### Dataset excerpt
╔══

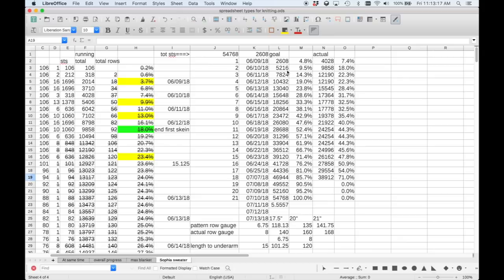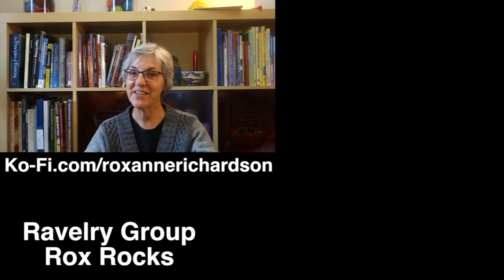That's it for this week. If you like my videos and want to support me, you can buy me a coffee on Ko-fi. If you have questions or comments about today's video or suggestions for future videos, you can leave those in the comments below or join the discussion in my Ravelry group. Thanks for watching, and I'll see you next week.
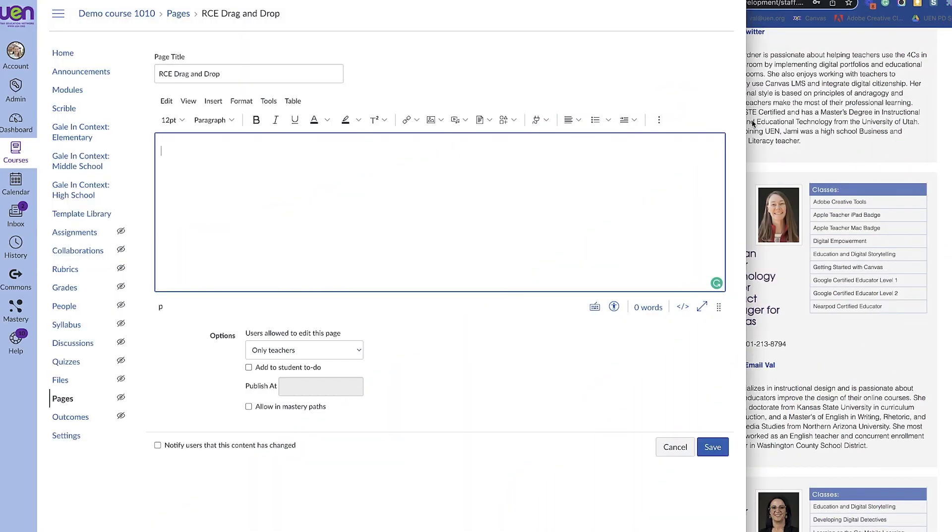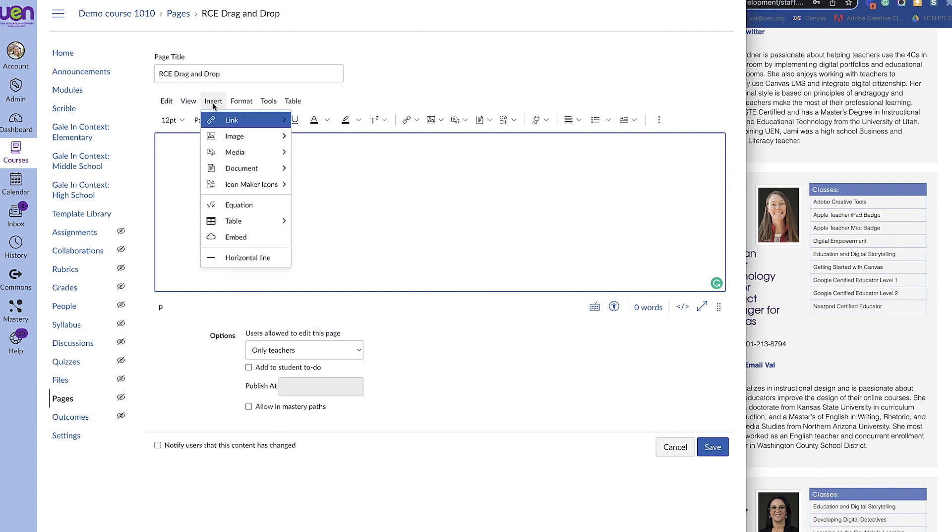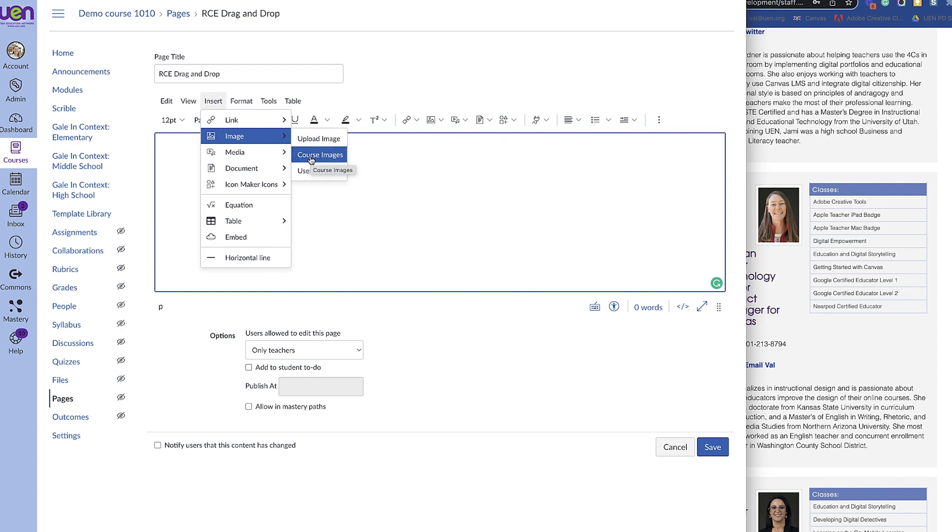Before this latest update, the only way to get an image into your rich content editor was to come up here to insert and then image, and you would upload the image from your computer or from images that you already had in your course.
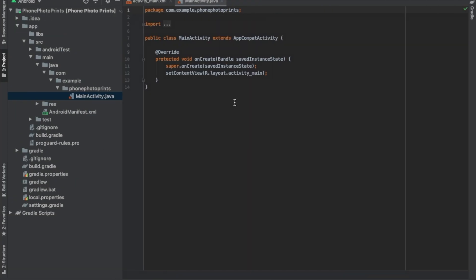Hey, what's up everyone. So today we're going to be doing case project 4-1 Phone Photo Prints app.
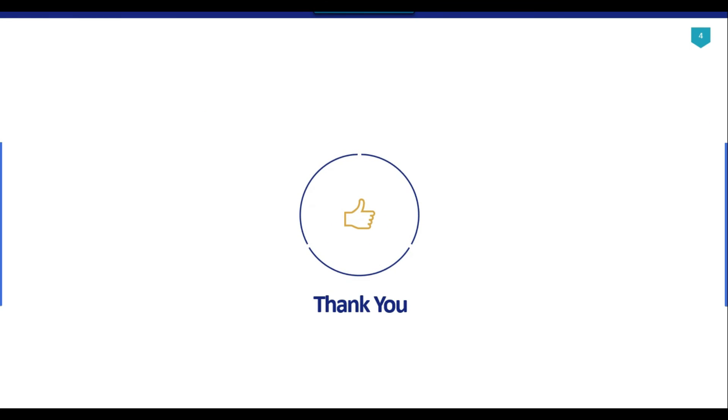Thank you guys for watching the video and if you like the video then please click the like button. Do subscribe to our channel. Press the bell icon so that you will be notified every time I upload a new video. Thank you so much.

╚══

### Brief
Beginning with the line that holds "Hey, what's up" and ending with the last line of the material above, extract every line exactly, pictures excluded.

### Answer section
Hey, what's up everyone. So today we're going to be doing case project 4-1 Phone Photo Prints app.
Thank you guys for watching the video and if you like the video then please click the like button. Do subscribe to our channel. Press the bell icon so that you will be notified every time I upload a new video. Thank you so much.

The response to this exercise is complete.